The paper tackles the high cost and scalability issues of interpretability in language models by introducing Atlas-Alignment, a framework that transfers interpretability across models using lightweight alignment to a pre-labeled Concept Atlas, enabling semantic feature search and steerable generation without additional labeled data.
Interpretability is crucial for building safe, reliable, and controllable language models, yet existing interpretability pipelines remain costly and difficult to scale. Interpreting a new model typically requires costly training of model-specific sparse autoencoders, manual or semi-automated labeling of SAE components, and their subsequent validation.

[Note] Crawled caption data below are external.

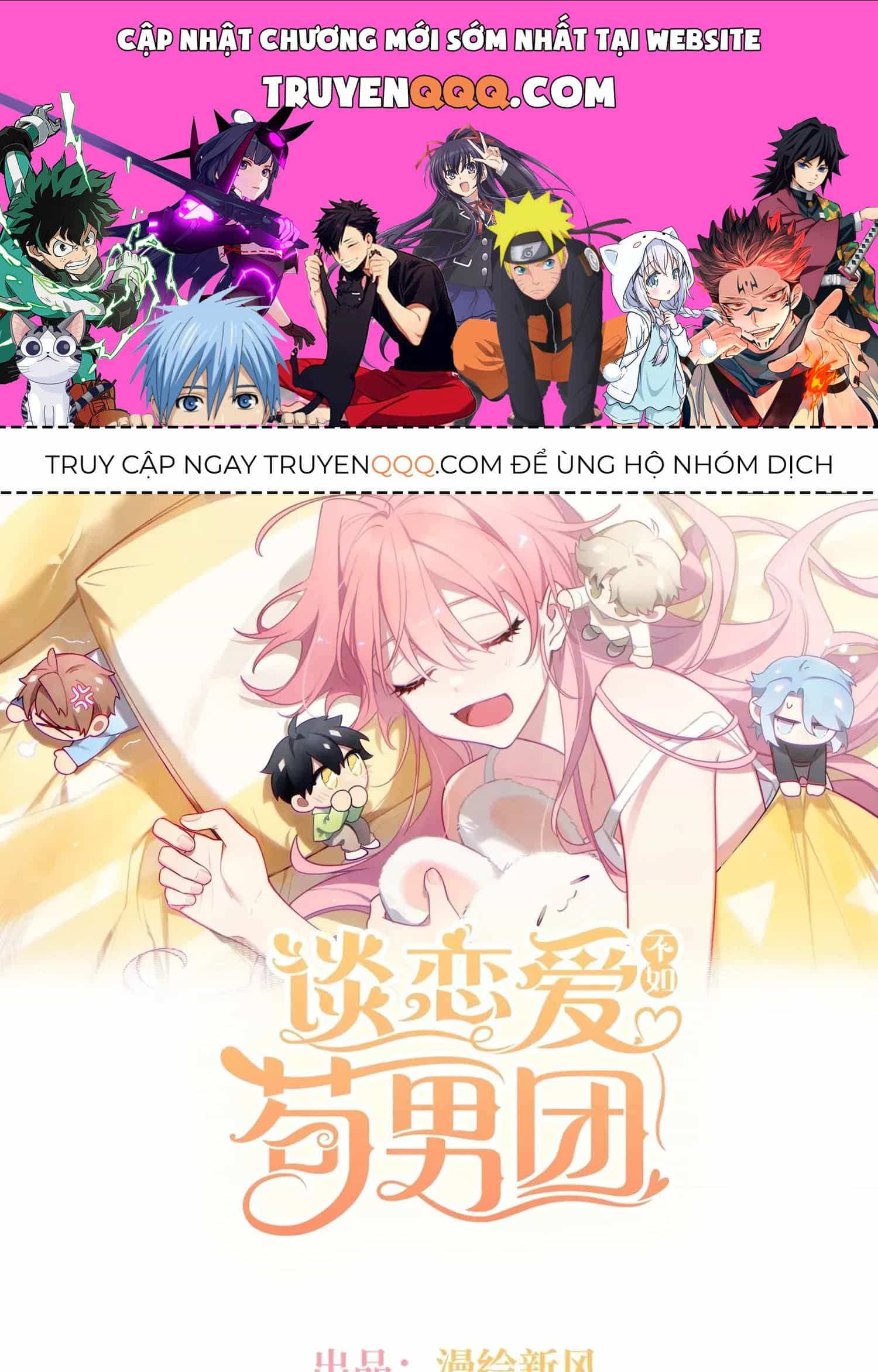 Yêu Đương Không Bằng Thả Thính Idol - Chương 48 - ảnh 1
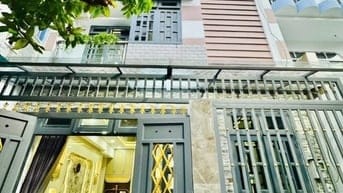 Bán gấp nhà riêng đường Nguyễn Hữu Cảnh, p22, Bình Thạnh. Chỉ 2,89tỷ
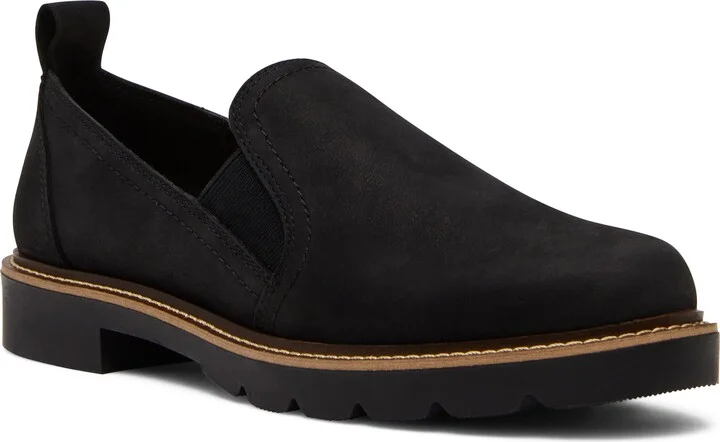 Blk Nubuck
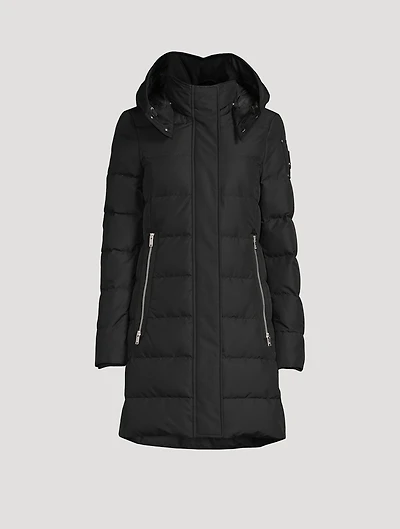 Berland Down Parka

We introduce Atlas-Alignment, a framework for transferring interpretability across language models by aligning unknown latent spaces to a Concept Atlas - a labeled, human-interpretable latent space - using only shared inputs and lightweight representational alignment techniques. Once aligned, this enables two key capabilities in previously opaque models: (1) semantic feature search and retrieval, and (2) steering generation along human-interpretable atlas concepts. Through quantitative and qualitative evaluations, we show that simple representational alignment methods enable robust semantic retrieval and steerable generation without the need for labeled concept data. Atlas-Alignment thus amortizes the cost of explainable AI and mechanistic interpretability: by investing in one high-quality Concept Atlas, we can make many new models transparent and controllable at minimal marginal cost.